Research
Die Scheibe mit der hl. Adelheid wurde von der ehemaligen Cluniazenserabtei Selz im Elsass gestiftet. Das St. Peter und Paul geweihte Kloster war eine Gründung von Kaiserin Adelheid, der Grossmutter Kaiser Ottos III. Adelheid wurde in Selz begraben und nach ihrem Tod heilig gesprochen. Sie schenkte dem Kloster die Höfe Uetendorf, Wimmis und Kirchberg mit dem dortigen Gotteshaus, d. h. sie ist auch die sagenhafte Gründerin der Kirche Kirchberg. Vor Bern war damit die Abtei Selz Grundherrin zu Kirchberg und Patronatsherrin über die dortige Kirche. 1471 teilte Bern Kirchberg der Landvogtei Burgdorf zu. 1481 wurde die Abtei von Selz in ein Kollegiatstift und 1500 in eine Propstei umgewandelt, und Bern erwarb von Selz alle Zehnten, Renten und Kirchenrechte, welche diese zu Kirchberg bis dato noch besessen hatte. In der Funktion als ehemalige Grundherrin stiftete Selz die Scheibe mit der hl. Adelheid nach Kirchberg (vgl. Lehmann 1913; von Tavel 1978, S. 225).

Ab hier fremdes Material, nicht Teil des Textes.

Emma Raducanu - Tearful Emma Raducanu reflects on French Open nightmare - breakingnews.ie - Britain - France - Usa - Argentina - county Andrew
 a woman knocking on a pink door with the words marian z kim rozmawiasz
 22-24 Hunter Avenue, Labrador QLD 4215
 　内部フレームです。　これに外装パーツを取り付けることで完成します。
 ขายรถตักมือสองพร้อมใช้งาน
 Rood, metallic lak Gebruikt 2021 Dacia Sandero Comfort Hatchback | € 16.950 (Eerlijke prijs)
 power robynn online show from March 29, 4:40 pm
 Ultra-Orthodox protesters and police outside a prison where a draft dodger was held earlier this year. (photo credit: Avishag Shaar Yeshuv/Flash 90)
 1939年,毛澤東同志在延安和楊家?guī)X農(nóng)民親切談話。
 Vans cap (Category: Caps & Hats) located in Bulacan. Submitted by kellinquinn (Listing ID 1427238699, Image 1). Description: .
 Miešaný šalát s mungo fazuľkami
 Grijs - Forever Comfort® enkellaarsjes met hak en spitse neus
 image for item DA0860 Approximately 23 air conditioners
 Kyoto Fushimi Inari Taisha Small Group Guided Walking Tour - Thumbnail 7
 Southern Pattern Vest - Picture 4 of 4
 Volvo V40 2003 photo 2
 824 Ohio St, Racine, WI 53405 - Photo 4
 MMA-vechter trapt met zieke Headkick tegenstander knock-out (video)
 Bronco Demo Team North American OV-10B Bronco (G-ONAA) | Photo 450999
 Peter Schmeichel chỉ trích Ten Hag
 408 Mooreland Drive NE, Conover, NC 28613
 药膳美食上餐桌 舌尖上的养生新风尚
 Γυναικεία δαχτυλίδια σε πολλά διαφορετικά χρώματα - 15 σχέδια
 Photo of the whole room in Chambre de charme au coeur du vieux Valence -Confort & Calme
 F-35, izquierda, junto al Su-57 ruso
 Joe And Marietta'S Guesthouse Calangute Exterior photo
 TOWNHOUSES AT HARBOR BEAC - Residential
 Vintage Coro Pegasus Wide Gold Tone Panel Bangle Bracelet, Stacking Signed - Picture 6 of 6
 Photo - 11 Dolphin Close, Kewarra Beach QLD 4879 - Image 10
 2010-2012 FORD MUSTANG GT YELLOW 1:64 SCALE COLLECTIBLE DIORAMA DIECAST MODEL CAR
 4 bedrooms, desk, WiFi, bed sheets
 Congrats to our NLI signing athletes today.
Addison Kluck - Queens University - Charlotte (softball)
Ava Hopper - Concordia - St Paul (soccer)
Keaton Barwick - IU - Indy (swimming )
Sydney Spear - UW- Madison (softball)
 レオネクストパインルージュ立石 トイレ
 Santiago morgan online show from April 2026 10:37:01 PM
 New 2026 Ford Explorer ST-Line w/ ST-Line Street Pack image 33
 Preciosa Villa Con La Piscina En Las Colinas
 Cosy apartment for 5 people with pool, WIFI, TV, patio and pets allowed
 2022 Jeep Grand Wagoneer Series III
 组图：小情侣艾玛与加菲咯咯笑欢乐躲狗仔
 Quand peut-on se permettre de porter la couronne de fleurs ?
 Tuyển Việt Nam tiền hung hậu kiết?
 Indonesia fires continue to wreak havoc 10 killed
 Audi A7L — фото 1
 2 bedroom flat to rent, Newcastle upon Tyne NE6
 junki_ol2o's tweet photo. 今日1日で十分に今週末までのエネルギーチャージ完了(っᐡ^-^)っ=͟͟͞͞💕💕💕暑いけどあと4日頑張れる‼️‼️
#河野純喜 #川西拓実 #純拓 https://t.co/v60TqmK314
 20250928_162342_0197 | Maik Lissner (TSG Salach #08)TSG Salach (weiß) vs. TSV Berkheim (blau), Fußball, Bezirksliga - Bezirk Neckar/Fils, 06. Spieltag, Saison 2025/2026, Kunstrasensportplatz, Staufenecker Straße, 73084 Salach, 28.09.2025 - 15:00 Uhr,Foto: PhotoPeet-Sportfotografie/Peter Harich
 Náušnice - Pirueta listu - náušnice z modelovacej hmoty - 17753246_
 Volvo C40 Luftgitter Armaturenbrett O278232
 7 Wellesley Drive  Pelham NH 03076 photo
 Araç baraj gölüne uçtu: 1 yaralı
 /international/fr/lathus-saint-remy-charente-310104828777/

Ende des 19. Jahrhunderts befand sich das Glasgemälde mit der hl. Adelheid neben der Madonnenscheibe über der Solothurner Standesscheibe und dem hl. Martin im Fenster der nördlichen Schrägseite des Chors (Rahn 1883; Lehmann 1913). Dabei handelt es sich aber nicht um die ursprüngliche Anordnung. Vielmehr ist anzunehmen, dass zur Stiftung der Propstei eine Wappenscheibe gehörte, die der hl. Adelheid gegenübergestellt war. Möglicherweise umfasste diese Stiftung ursprünglich auch vier Scheiben. Die stilistisch eng mit der Adelheid-Scheibe verwandte Madonna mit Kind (s III, 4a) dürfte in diesem Fall dazu gehört haben (vgl. Lehmann 1913 und Matile 1979, S. 428). Dass ebenfalls der hl. Martin (s III, 3b) dazu zählte (vgl. Lehmann 1913), ist hingegen unwahrscheinlich, da kein Bezug des einstigen Klosters zu diesem Heiligen erkennbar ist. Wenn die Stiftung tatsächlich vier Glasgemälde umfasst haben sollte, dann wären mit anderen Worten davon sicherlich zwei verschollen.
Die Adelheid-Scheibe weist enge stilistische Parallelen zu den Glasmalereien der Bubenberg-Stiftung im Berner Münster auf (Kurmann-Schwarz 1998, Abb. 252–259) und ist somit derselben Werkstatt wie diese zuzusprechen. Neben den stilistischen Ähnlichkeiten ist die zu dieser Zeit noch seltene Verwendung von Eisenrot auffallend. Da in der betreffenden Werkstatt mehrere Hände arbeiteten, die sich mit keinen Namen verbinden lassen, bezeichnet Brigitte Kurmann-Schwarz dieses Atelier als Bubenberg-Werkstatt (Kurmann-Schwarz 1998, S. 373–74, 401–414). Hans Lehmanns Zuschreibung der Adelheid-Scheibe an Hans Hänle, dem sich kein erhaltenes Glasgemälde zuordnen lässt, ist dagegen abzulehnen (vgl. Lehmann 1913).
Dating
um1507
Period
1506 – 1508
Original Donor
Place of Manufacture
Owner
Kirchgemeinde Kirchberg.
Die Unterhaltspflicht der achtzehn 1898 im Chor befindlichen Glasgemälde damals vom Staat Bern zusammen mit dem Chor an die Kirchgemeinde abgetreten (nach dem am 1. April 1940 überarbeiteten Verzeichnis der Glasgemälde in den Kirchenchören des Kantons Bern, erstellt 1936 von B. von Rodt; Staatsarchiv Bern, Inv. BB 05.7.343).